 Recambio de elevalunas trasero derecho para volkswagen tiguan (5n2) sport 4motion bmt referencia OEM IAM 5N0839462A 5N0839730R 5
* * *
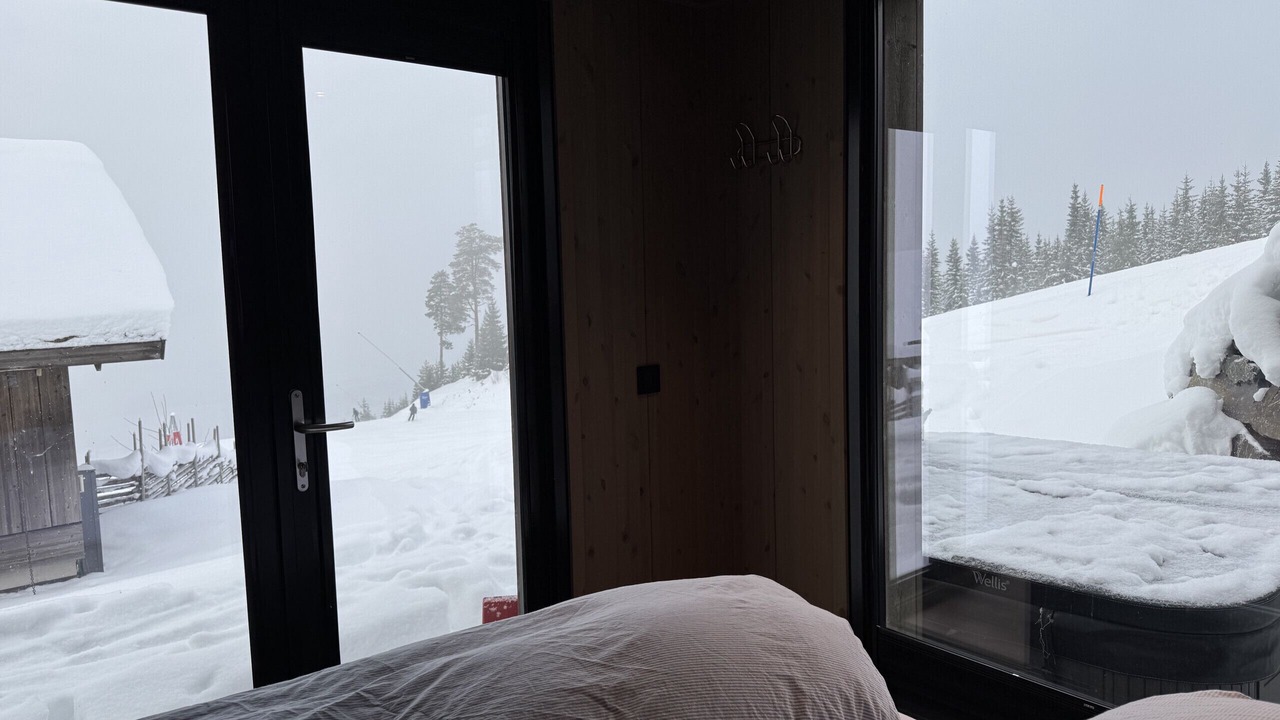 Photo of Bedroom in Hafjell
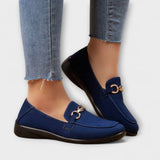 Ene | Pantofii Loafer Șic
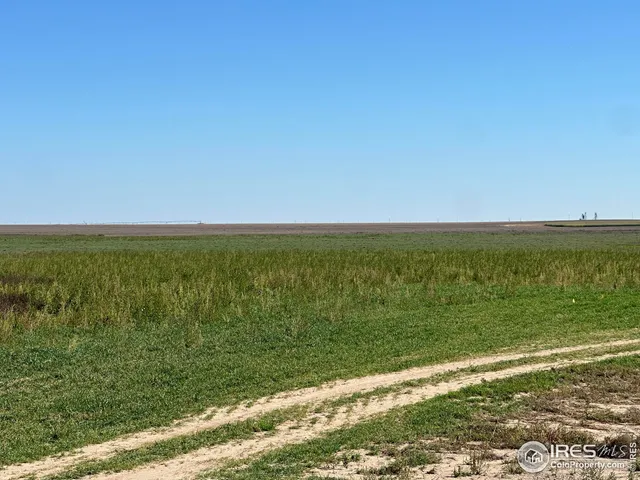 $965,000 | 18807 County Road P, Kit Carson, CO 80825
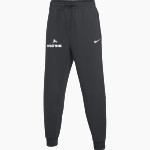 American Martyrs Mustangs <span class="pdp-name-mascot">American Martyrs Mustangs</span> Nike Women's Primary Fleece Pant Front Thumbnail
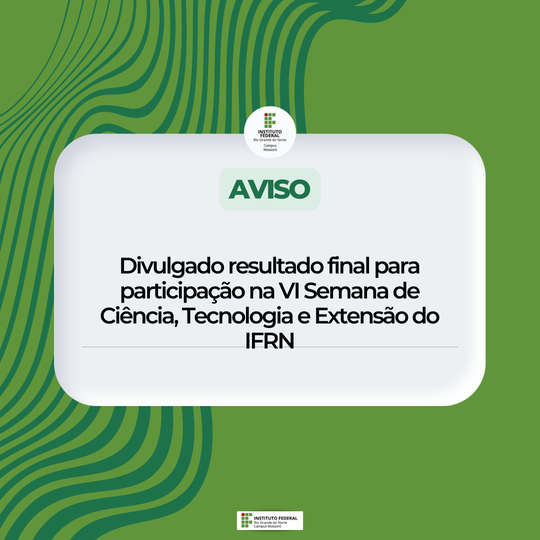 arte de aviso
* * *
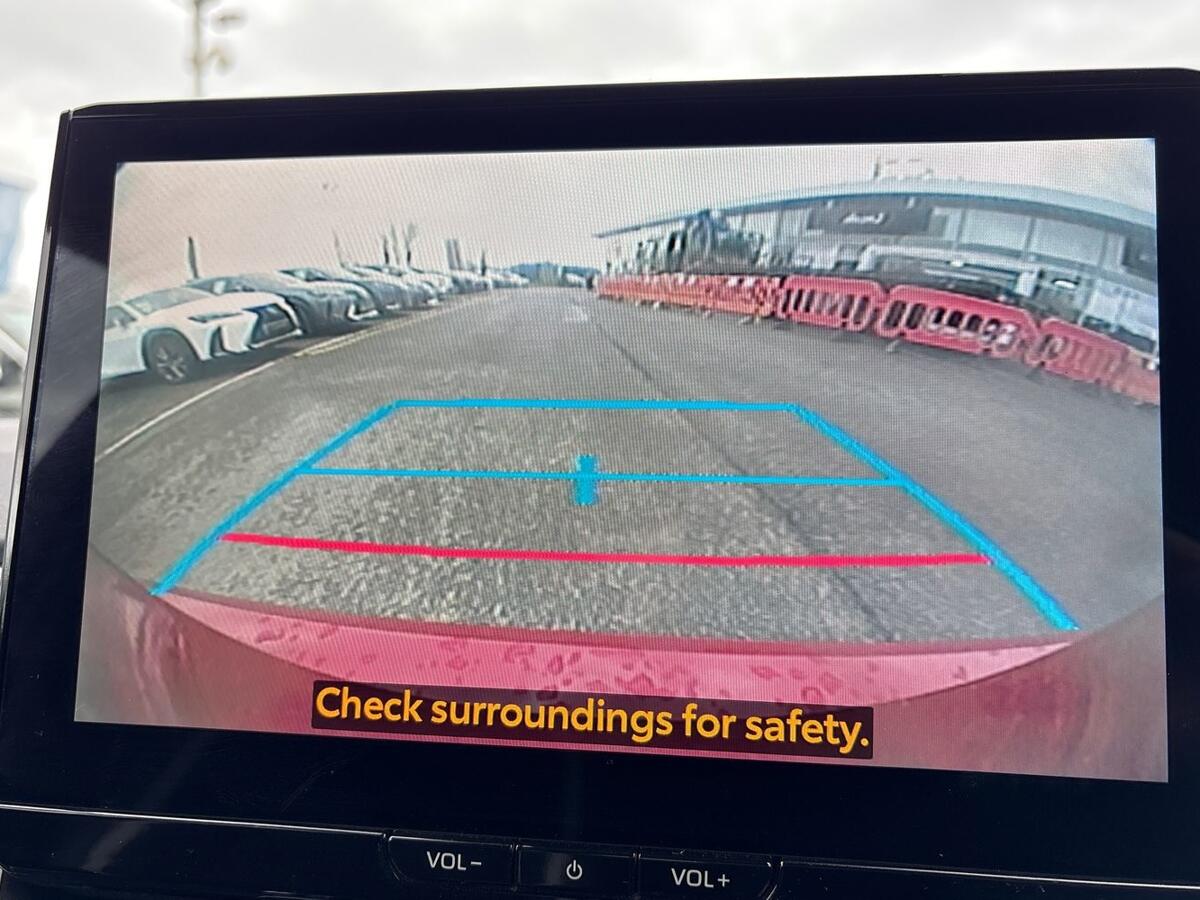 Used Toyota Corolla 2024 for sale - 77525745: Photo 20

▶ **Task**
Only the lines starting at the one that includes "American Martyrs Mustangs <span" and ending at the one that includes "arte de aviso" should be retyped, exactly, from the records above; no pictures.

▶ **Task response**
 American Martyrs Mustangs <span class="pdp-name-mascot">American Martyrs Mustangs</span> Nike Women's Primary Fleece Pant Front Thumbnail
 arte de aviso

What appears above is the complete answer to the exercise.